Sep 21st, 2015 by Scott Hebert
Porter defined two variables to describe generic business strategies — strategic advantage and targeted industry segments. Strategic advantage defines whether the company will pursue a low-cost provider strategy or instead try to differentiate based on uniqueness. The number of targeted industry segments determines whether the company will focus on all segments of the market or instead focus on a smaller niche (De Kluyver & Pearce, 2012). Although these are only generic strategies, it is useful to begin strategy formulation or analysis based on these generic business unit strategies.

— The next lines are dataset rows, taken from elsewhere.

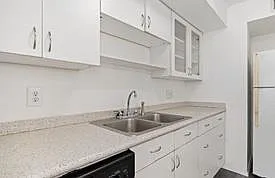 4159 Steck Ave #235 — Photo 11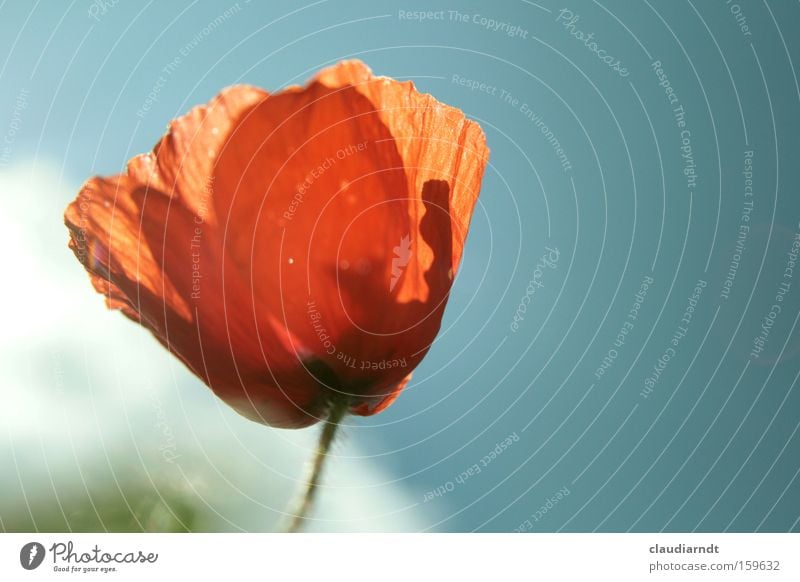 mohnrot Mohn Mohnblüte Blume Blüte Pflanze Blühend Sommer mehrfarbig zart durchsichtig Farbe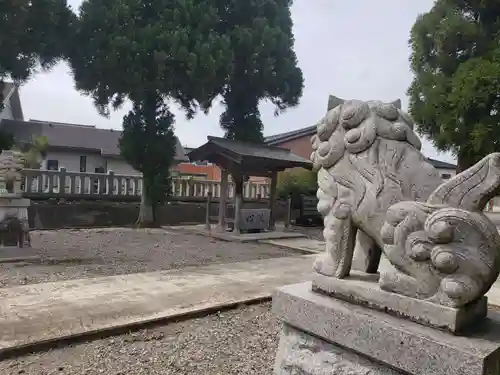 小泉神社の狛犬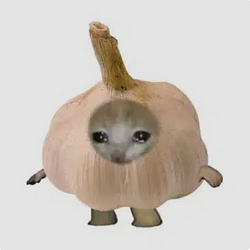 GarlicCat / SOL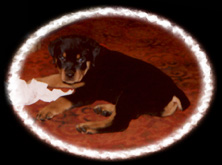 Jade at home, before he went to his new owner's home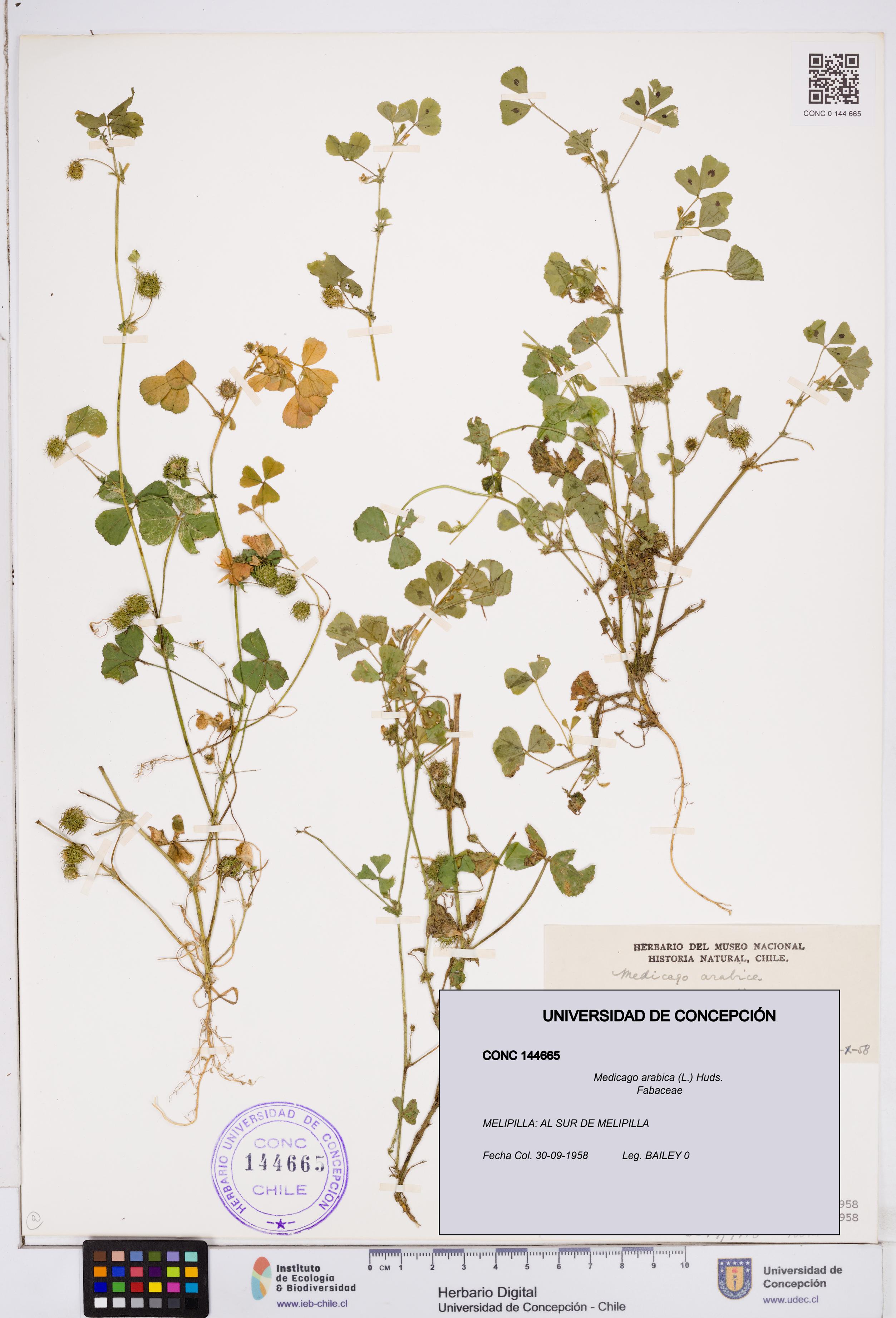 Medicago arabica [Espécimen: ]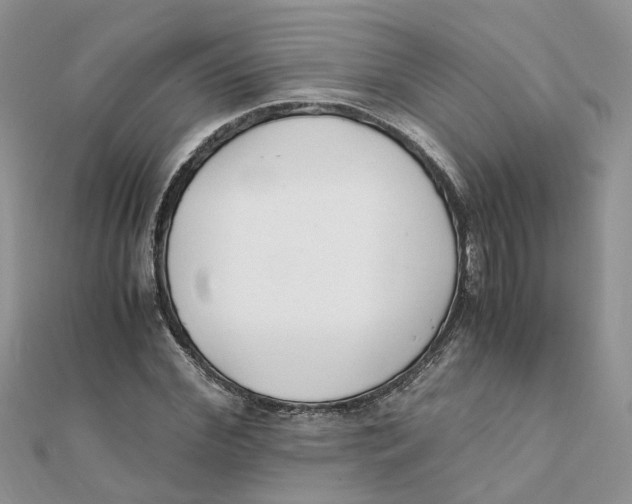 X0000111500972200908111243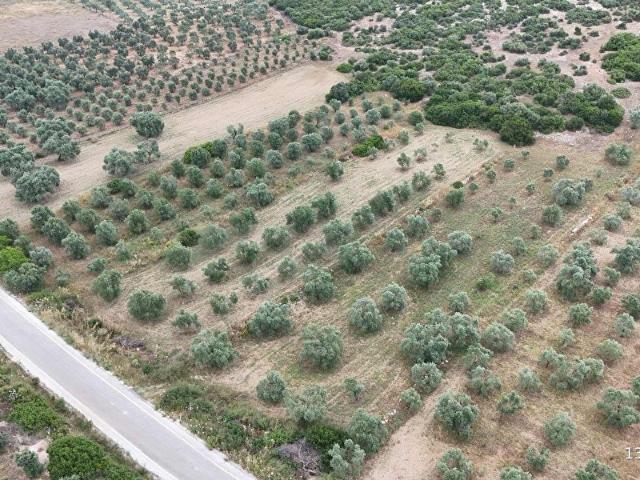 Menderes, İzmir içerisinde satılık Arsa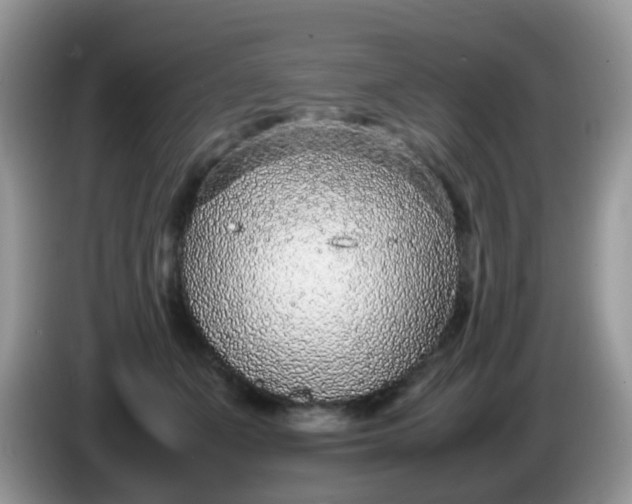 X0000086240511200704121936
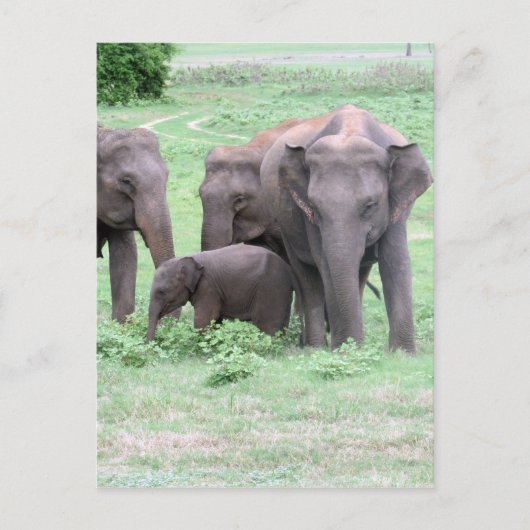 Carte Postale famille des éléphants (Devant)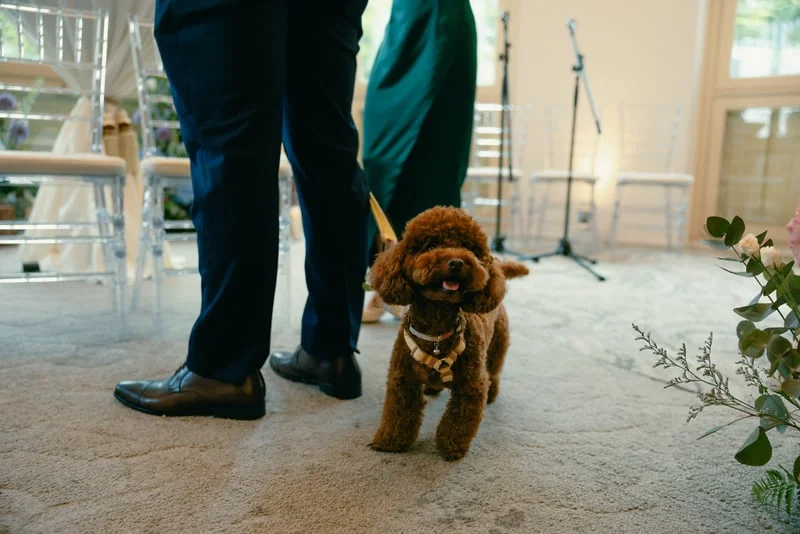 L & W wedding photo 61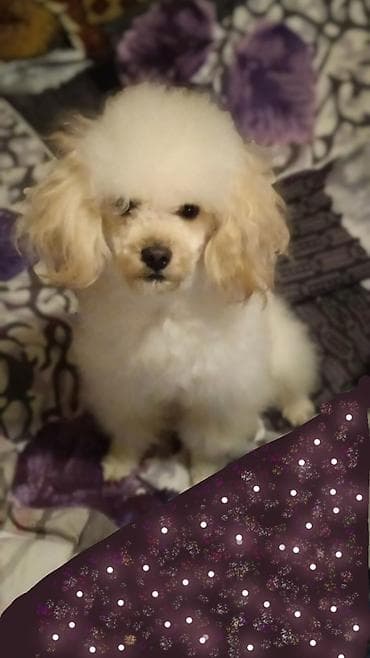 Үй жаныбарлары үчүн товарлар: Ит кууту: Пудель, Эркек, 5 жаштан жогору, Эмделген — 1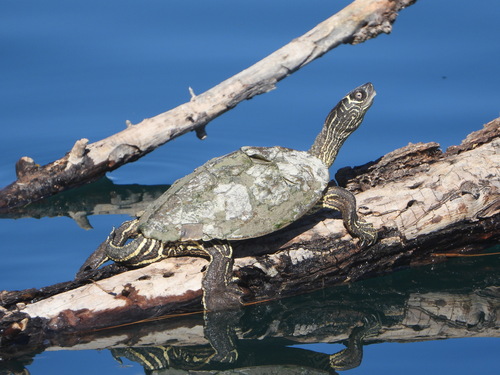 False Map Turtle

Both Daniel and Tyler have adequately pointed out that GM is employing a differentiation strategy to separate themselves from their competitors. What has not been addressed as closely is how many market segments GM is targeting in the car and light truck industry. GM is using its various brands to target all segments of the industry. Chevrolet is the flagship brand and targets the largest segment of consumers. Cadillac is a luxury brand and focused on high-end buyers. The GMC brand is focused on buyers that need higher quality vehicle construction. Finally, Buick targets mid-range consumers looking for something more stylish than a traditional Chevrolet, but too cost-conscience for the Cadillac brand (General Motors, 2015). If you look at each brand individually, they are operating in a focused, niche in the industry. But, as a whole, General Motors is clearly targeting the entire car and light truck industry with their multiple brands.
De Kluyver, C. & Pearce, J. (2012). Strategy: A View From the Top (4th ed.). Boston: Prentice Hall.